Шахна малодушно кивал головой — маленькая речка покорно текла в море.
Такие беседы порой затягивались до глубокой ночи; Князев вызывал своего опричника, топтуна — Крюкова, посылал в ресторан Млынарчика за едой; Крюков приносил лососину, жареных цыплят в соусе, пльзенское пиво, и споры продолжались.
Но сегодня Семен Ефремович не собирался задерживаться на службе, тем более что никакого допроса не предвиделось; дело Гирша было передано в суд, а нового недопрошенного преступника-еврея в 14-м номере не содержали. Не намерен был Шахна и до ночи лясы точить, обсуждать замечательные идеи своего начальника — пусть под лососину, пусть под жареных цыплят в оливковом соусе.
Воспользовавшись перерывом, Семен Ефремович решил попросить у Князева за отца: так, мол, и так, уважьте, ваше благородие, последнюю просьбу старика, разрешите свидание с сыном. (О том, чтобы в случае чего ему, Эфраиму, отдали тело Гирша, и заикнуться нельзя было!)
Князев обладал добрым сердцем. Прослужив более двадцати лет в жандармах, он испытывал к некоторым арестантам презрительную, брезгливую жалость, умел ценить чужое благородство и стойкость.
В каком-то ночном споре с Шахной он вспомнил этого юнца Кримера или Кремера и со свойственной ему задумчивой, русской распевностью сказал:
— Вот если бы мой Петя был таким, как он.

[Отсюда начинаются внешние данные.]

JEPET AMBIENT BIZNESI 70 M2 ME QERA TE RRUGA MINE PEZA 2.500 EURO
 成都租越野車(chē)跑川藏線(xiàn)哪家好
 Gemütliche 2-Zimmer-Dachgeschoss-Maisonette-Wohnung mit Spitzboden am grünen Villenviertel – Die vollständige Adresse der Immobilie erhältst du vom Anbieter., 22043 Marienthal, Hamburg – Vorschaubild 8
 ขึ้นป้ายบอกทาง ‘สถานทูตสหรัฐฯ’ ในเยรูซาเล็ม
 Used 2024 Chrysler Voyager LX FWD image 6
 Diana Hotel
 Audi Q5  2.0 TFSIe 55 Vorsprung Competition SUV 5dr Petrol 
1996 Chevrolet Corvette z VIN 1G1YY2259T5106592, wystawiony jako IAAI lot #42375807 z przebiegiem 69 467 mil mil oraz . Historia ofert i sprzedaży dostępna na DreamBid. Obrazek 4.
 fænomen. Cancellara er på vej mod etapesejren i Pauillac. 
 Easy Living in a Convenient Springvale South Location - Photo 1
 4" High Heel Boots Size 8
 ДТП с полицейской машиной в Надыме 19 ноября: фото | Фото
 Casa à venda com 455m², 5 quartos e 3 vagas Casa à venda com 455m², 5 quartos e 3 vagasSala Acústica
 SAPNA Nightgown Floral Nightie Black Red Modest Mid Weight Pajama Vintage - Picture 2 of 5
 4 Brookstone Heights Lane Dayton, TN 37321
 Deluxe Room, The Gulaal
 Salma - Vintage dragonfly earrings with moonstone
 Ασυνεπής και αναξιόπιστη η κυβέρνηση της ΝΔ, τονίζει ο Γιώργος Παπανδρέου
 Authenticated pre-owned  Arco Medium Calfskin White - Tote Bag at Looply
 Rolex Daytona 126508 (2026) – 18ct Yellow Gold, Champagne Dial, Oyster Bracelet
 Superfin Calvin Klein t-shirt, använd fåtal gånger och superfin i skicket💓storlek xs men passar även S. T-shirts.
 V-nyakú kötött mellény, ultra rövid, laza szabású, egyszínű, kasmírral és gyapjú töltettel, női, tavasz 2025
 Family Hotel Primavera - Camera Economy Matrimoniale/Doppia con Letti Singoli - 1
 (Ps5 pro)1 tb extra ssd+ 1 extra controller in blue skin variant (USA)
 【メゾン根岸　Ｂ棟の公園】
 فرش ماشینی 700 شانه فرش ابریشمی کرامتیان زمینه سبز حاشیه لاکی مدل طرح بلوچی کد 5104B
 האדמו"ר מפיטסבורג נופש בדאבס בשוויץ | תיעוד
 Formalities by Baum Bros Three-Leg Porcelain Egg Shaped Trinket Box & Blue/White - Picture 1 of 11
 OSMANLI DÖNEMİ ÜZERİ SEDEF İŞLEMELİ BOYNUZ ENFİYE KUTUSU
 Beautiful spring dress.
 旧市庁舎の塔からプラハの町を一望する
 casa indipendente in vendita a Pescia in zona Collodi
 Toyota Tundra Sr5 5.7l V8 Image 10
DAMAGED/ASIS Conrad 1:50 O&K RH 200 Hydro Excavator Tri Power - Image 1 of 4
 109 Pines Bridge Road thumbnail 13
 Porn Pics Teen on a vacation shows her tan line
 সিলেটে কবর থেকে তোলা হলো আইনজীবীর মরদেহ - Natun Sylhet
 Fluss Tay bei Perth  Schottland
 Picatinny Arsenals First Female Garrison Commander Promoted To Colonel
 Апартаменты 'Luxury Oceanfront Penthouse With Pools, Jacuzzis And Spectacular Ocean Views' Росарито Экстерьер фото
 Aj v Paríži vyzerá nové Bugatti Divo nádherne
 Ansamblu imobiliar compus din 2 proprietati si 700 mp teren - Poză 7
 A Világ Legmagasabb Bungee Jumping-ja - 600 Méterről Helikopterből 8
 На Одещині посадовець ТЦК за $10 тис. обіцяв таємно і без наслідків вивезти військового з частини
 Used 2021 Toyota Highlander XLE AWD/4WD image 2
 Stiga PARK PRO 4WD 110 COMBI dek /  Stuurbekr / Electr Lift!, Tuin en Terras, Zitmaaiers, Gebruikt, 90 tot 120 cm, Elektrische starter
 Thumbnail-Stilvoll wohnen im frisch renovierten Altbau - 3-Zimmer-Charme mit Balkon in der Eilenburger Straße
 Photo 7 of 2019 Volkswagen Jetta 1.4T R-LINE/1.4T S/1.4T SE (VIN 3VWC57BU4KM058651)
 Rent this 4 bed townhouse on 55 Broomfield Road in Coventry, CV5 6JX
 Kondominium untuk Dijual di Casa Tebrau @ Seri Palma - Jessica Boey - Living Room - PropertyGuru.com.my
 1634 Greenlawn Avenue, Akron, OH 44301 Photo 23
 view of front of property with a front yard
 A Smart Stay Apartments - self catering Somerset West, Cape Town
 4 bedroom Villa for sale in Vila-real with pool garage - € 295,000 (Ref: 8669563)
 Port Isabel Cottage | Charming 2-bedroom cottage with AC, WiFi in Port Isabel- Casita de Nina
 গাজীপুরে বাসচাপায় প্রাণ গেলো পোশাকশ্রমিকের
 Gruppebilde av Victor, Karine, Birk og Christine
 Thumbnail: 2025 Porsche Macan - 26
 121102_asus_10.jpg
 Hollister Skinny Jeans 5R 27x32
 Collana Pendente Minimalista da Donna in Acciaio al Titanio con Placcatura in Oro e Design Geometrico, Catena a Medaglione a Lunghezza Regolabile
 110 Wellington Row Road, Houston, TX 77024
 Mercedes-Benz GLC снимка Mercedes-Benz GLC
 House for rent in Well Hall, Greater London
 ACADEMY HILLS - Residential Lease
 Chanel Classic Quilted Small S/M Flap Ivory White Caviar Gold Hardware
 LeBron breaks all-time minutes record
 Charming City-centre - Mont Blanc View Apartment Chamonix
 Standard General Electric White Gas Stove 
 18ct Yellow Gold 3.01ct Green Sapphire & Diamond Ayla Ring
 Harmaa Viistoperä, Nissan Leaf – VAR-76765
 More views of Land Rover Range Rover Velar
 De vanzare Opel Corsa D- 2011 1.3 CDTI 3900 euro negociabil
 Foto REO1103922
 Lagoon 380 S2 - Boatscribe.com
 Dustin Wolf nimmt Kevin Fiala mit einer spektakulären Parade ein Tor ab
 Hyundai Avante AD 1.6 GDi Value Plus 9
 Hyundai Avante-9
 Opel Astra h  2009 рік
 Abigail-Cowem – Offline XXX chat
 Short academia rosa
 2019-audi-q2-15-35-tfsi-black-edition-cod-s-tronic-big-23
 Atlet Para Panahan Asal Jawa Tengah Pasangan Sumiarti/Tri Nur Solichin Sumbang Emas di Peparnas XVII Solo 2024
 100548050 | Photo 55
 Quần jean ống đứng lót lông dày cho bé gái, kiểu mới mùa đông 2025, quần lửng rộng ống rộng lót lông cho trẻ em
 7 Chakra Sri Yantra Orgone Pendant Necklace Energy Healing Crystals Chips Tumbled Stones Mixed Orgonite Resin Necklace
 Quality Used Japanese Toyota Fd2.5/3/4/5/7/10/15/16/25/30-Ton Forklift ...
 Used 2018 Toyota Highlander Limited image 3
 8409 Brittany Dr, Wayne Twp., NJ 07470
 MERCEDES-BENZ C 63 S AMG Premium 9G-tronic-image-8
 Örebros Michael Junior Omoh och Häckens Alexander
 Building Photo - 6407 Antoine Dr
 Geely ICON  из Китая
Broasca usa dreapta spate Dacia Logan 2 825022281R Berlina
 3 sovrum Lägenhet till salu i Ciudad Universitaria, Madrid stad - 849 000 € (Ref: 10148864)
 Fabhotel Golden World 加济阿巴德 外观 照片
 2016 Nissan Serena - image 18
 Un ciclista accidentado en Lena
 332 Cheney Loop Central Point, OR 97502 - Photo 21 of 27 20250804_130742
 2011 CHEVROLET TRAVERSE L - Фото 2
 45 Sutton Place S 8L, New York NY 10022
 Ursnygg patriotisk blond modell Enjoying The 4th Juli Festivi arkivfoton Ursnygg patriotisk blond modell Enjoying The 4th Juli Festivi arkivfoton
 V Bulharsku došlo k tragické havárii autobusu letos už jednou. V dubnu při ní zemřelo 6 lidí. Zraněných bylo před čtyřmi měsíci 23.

— Но он же государственный преступник!..
— Ну и что? Пете бы его твердость!
Утешало Шахну и то, что все прожекты Ратмира Павловича, его сногсшибательные идеи проистекали не от злобы, слепой вражды или предубежденности, а от неверного понимания племенных нужд, которыми он волей судеб вынужден был заниматься в этом чужом, разношерстном и, как ему казалось, неблагодарном крае.
Как назло, Князев долго не приходил — на костельных часах давно пробило десять, — и Семен Ефремович, зная пунктуальность Ратмира Павловича, уже стал беспокоиться. А вдруг он совсем не придет? В жандармском управлении ходили слухи о том, что жене Князева якобы противопоказан сырой литовский климат, другие говорили, что дело вовсе не в климате, что генерал-губернатор не доволен шефом жандармов и что в ближайшее время следует ждать его перевода в другой город.
Стараясь держаться в стороне от этих слухов и пересудов, Семен Ефремович тем не менее живо переживал каждую новость и меньше всего хотел, чтобы на место Ратмира Павловича назначили какого-нибудь другого служаку.
Когда в коридоре раздались тяжелые шаги Князева, Шахна почти просиял. Странно, но в эту минуту он готов был простить Ратмиру Павловичу все: и свое двухдневное пребывание в 14-м номере, и шутку (хороша шутка!) с наручниками, и ежедневное подтрунивание над его набожностью.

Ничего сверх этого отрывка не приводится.